Since Hinkley, she has fought other battles—hexavalent chromium contamination, PFAS chemicals in drinking water near military bases and carpet factories. Each time, she builds cases from the ground up, starting with local government and town halls, demanding environmental impact reports and answers about power sources and water plans. She has confidence that lawsuits still have teeth. "They're settling for billions now," she said, "not $333 million."
The datacentre campaign has reached beyond the United States. She has been contacted by people in Australia, India, Scotland, and Ireland. Dublin already has a moratorium; by 2023, datacentres were consuming a fifth of Ireland's electricity. Seventy-nine municipalities in the US have issued moratoriums, though many face legal challenges. Georgia, Maryland, Michigan, and South Carolina have introduced pauses. These are early interventions against companies with unlimited resources. Brockovich knows the political climate is difficult—a president committed to AI and dismissive of environmental concerns. But she also knows that administrations change, and when they do, enforcement can shift dramatically. The Pentagon announced a cleanup operation for PFAS in the final days of Biden's presidency. Trump's Department of Defense has quietly delayed it; in some areas, it won't begin until 2039.
She is in her legacy phase now, she said, smiling. She has six grandchildren.
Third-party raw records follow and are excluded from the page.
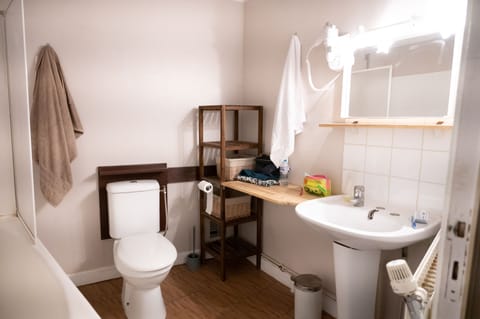 Quadruple Room, Multiple Beds, Non Smoking | Bathroom | Shower, free toiletries, hair dryer, towels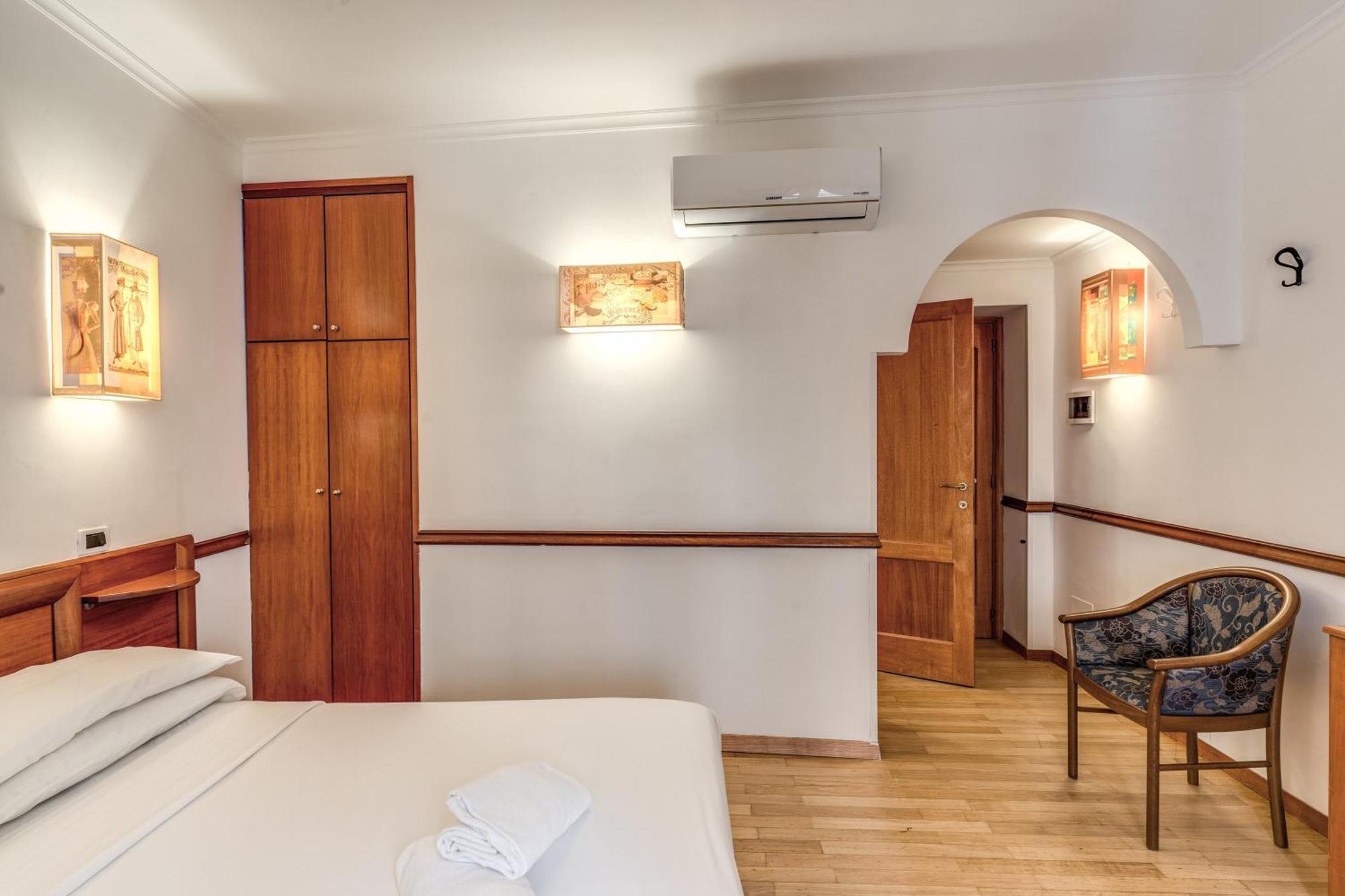 Hotel Santa Prassede Рим Екстер'єр фото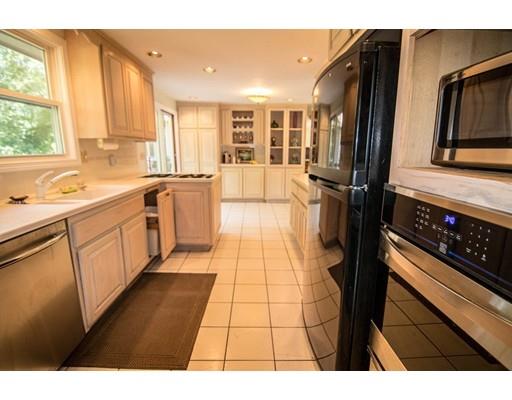 16 Dorset Road Holliston, MA 01746 - Photo 8 of 29 Gallery Image 8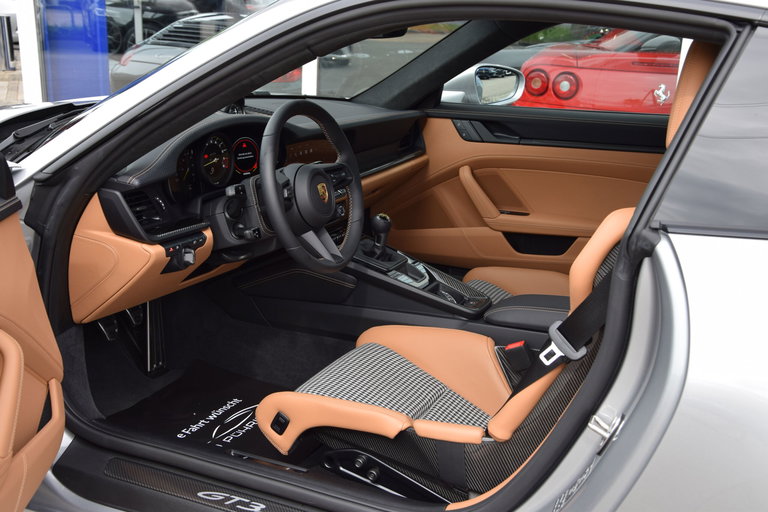 Porsche 992 GT3 Touring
She is getting too old for this. But she won't walk away until it's over. She can beat this—she just cannot beat it alone.
Notable Quotes
This feels like Hinkley on steroids— Erin Brockovich, describing the scale of AI datacentre expansion
If data centers are so great, why are they being built in secret?— Erin Brockovich, in a post on her Substack blog
The Hearth Conversation Another angle on the story
You've been fighting this for thirty years. What makes the datacentre fight different from Hinkley?
The scale. Hinkley was one town, one company, one chemical. This is happening in every state, multiple counties, rural areas, ranches, farms. And it's happening in secret. People don't even know to be angry yet.
Why secret? These are massive buildings.
Nondisclosure agreements. Zoning changes that happen without public notice. By the time people see the structure rising, it's already approved. Democracy gets skipped.
And the water problem is the core issue?
It's one of them. Two-thirds of these centres are in drought areas. A single facility uses what 50,000 people use. We don't know whose needs come first—the machines or the people.
You mentioned that corporations can't ignore a hundred organised people. Do you have that yet?
I have 7,005 reports. People are waking up. But they're scattered across the country. That's what the map is for—to show them they're not alone, that this is happening everywhere at once.
What do you actually want to happen?
Start with a moratorium on new approvals. Then environmental impact assessments. Then town halls where people have a real voice. Get the information out. Let communities decide if this is what they want.
And if the companies sue for $100 million?
Then we sue back. And we win bigger.